I've started to change my mind about where blame falls for all this. It starts with the reviewers, but if this becomes the norm then the system is at fault. It has not removed the rotten apples and thus let the barrel spoil. All while we've had decades of discussion about this happening. I think a lot falls on the Area Chairs and Metareviewers, as they should be preventing these types of reviews to pass. But the whole incentive structure of publishing is wrong. There is high pressure to reject and zero pressure to let papers through. This especially hurts our junior researchers (grad students) as it becomes a lottery process for determining if they can graduate. After all, we can't have any wizards without any noobs.

1 comments

It is absolutely a systemic problem. A problem that will not be changed or solved within our lifetimes, that's for sure.
> A problem that will not be changed or solved within our lifetimes

Honestly, I don't like opinions like this. That's just passing off the work that needs to be done to fix these problems. It wasn't even a hundred years ago when people published more in the open and the publish or perish paradigm didn't exist. The latter is a relatively tool, and collapsed because Goodhart's Law.

We can make the changes, but not with defeatist attitudes.
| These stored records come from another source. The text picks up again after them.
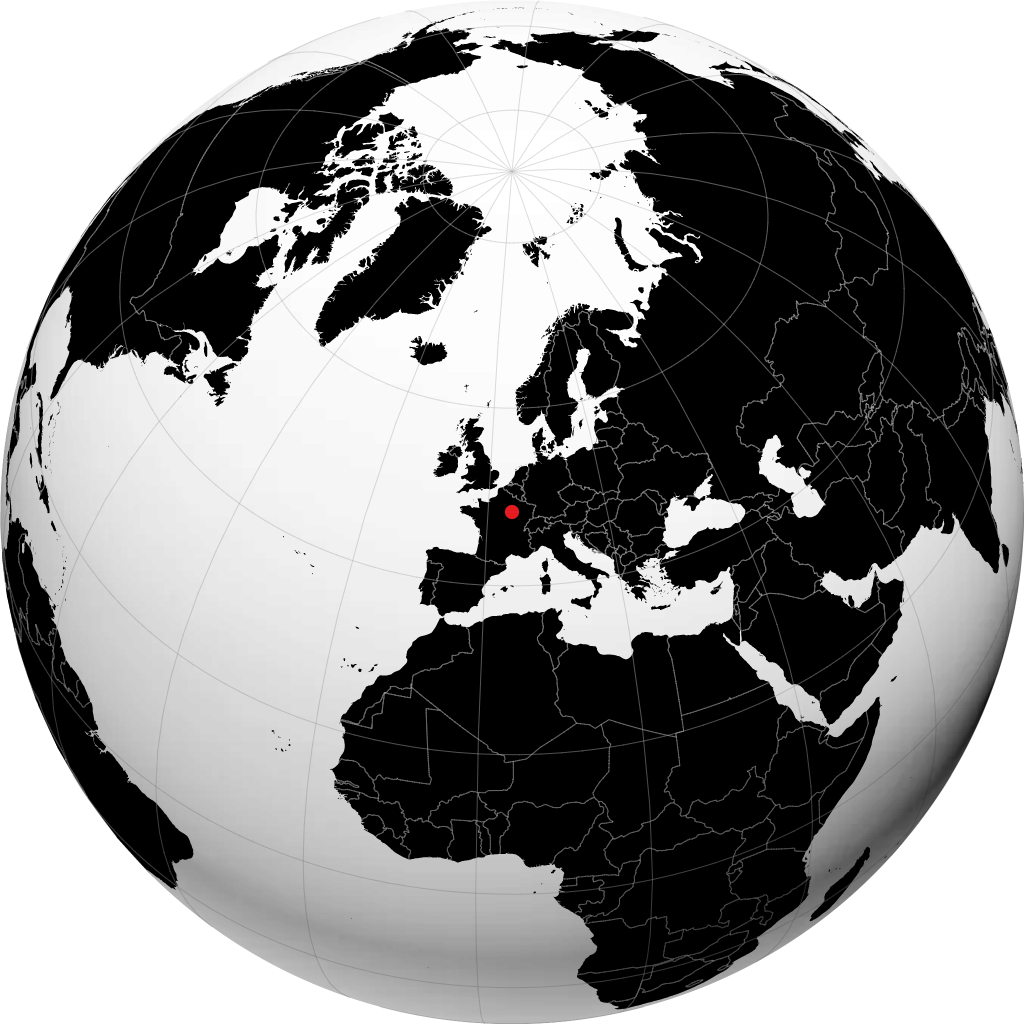 Troyes auf dem Globus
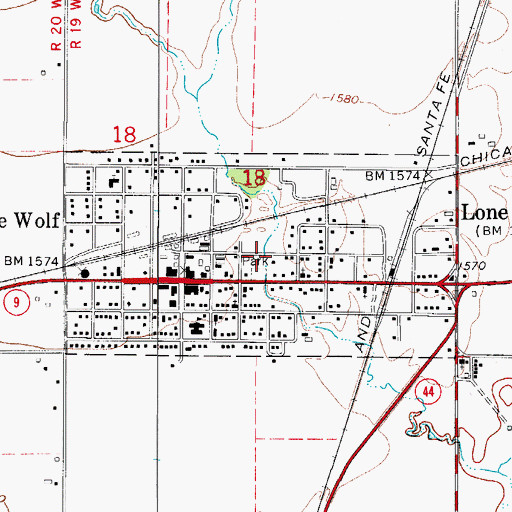 Topographic Map of Town of Lone Wolf, OK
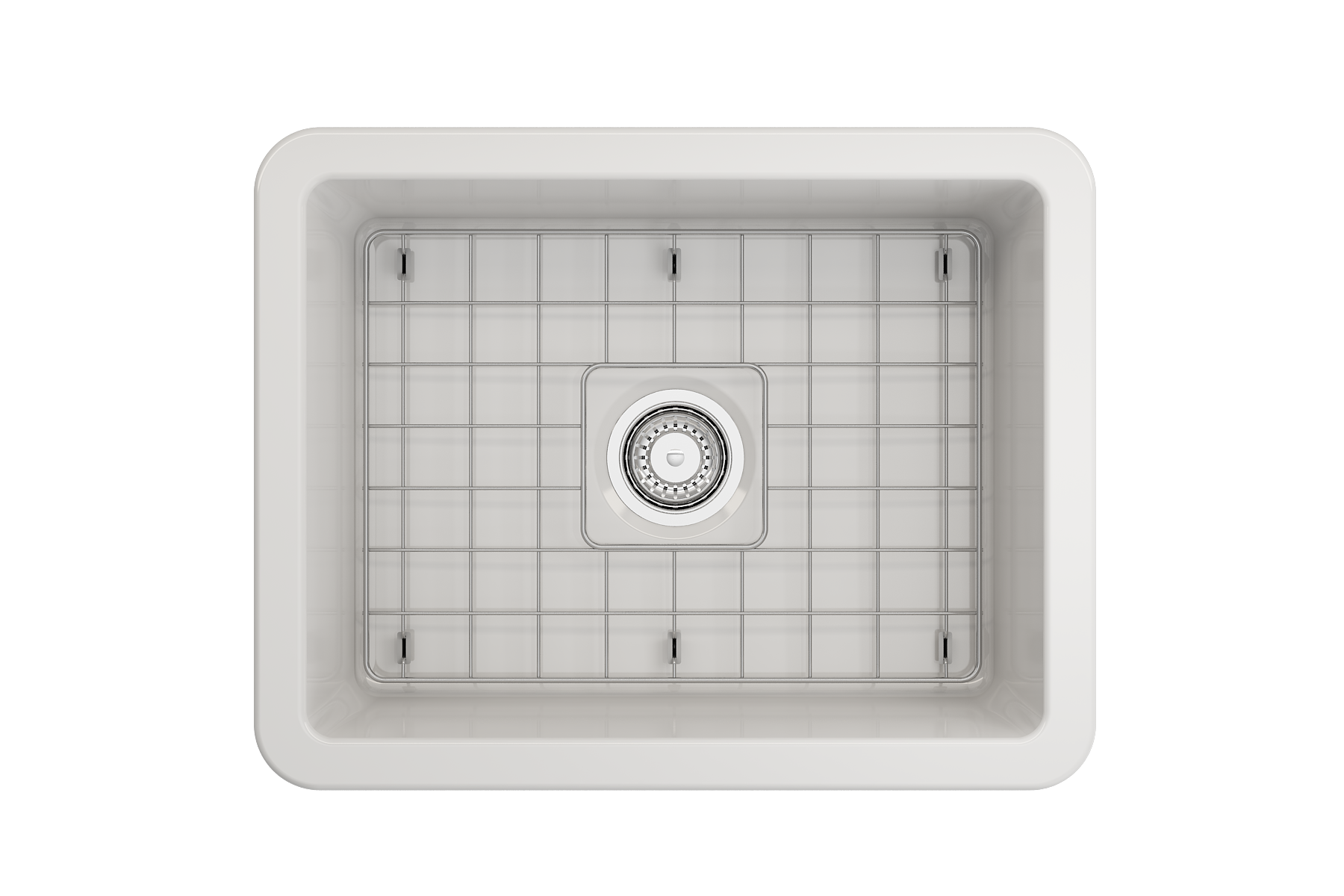BOCCHI Sotto 24" Dual Mount Fireclay Kitchen Sink Kit with Accessories, White, 1627-001-0120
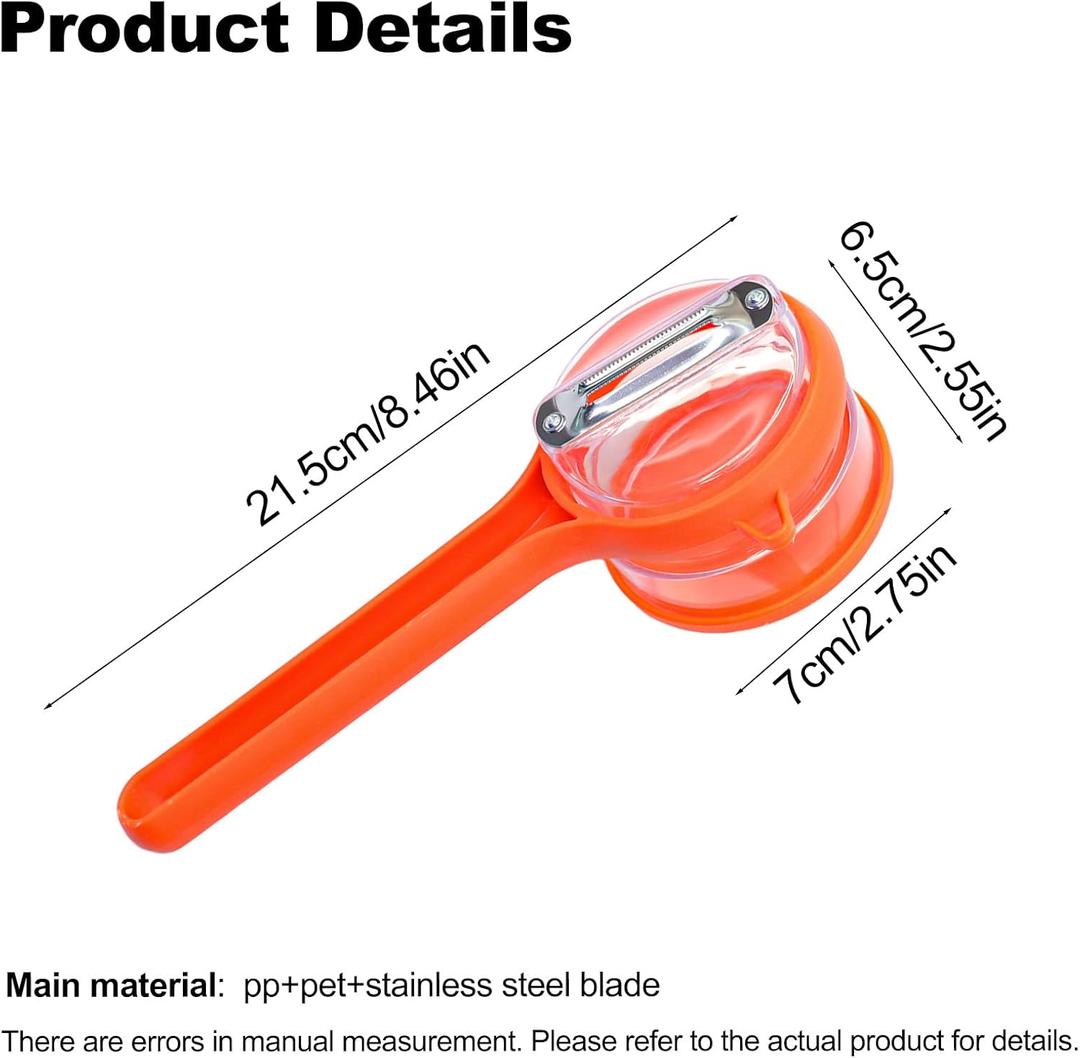 Orange Vegetable Peeler with Catcher, Double-Sided Stainless Steel Fruit Peeler, Citrus Carrot Potato Peeler Kitchen Essentials for Home 2 Pcs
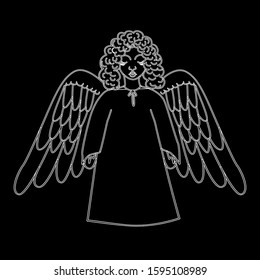 Holy angel with wings. An angel in long robes, curly hair of golden color, and closed eyes.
Fair point. I was just thinking that one sensible change could be to publish everything without significant constraints on open platforms. Then, in some way, the community and some moderate moderation would basically decide which papers and researchers get "famous". In the best case, that would result in more true "breakthroughs", but reflecting about how social media works (incentives to constantly push narratives, hype and simple "truths" that explain complex world issues) at the moment, that seems a bit too optimistic. That's why I peddled back to "not solvable within our lifetimes". Who knows. I'd like to do research, but if I go into academia I'd be immensely constrained and would have no freedom what to work on. The only viable option is to become sufficiently wealthy to fund myself and my ideas. Would be nice, even if a tiny bit unrealistic.
There's a double edged sword here. Currently CVPR has a social media ban that is extremely strict. I've definitely been seeing Twitter act differently than it normally does around this so we'll see if it works. But why this matters here is that there's an incredibly strong correlation between the popularity of the lab, the amount of eyes that can read the preprint (with authors names), and acceptance at top conferences (i.e. CVPR). I often say that double blind only exists for small fries. But even still, big labs will get more likes from twitter accounts that post arxiv papers. There are plenty of means to bypass this social media ban.

But even from this experiment we can see that there are people actively trying the fix the situation. Likely naive, but something is better than nothing. I wish there would be more push for ACs and Meta Reviewers having the highest standards, but this is where we are.

I am totally for us abandoning journals and conferences and just publishing to arxiv and open review. This is exactly what I would do if I was independently wealthy and could research without the constraints that I am in. But we also need to recognize the issues with this and that popularity and outreach ability greatly affect perceptions of quality of the paper. That this is not meritocratic.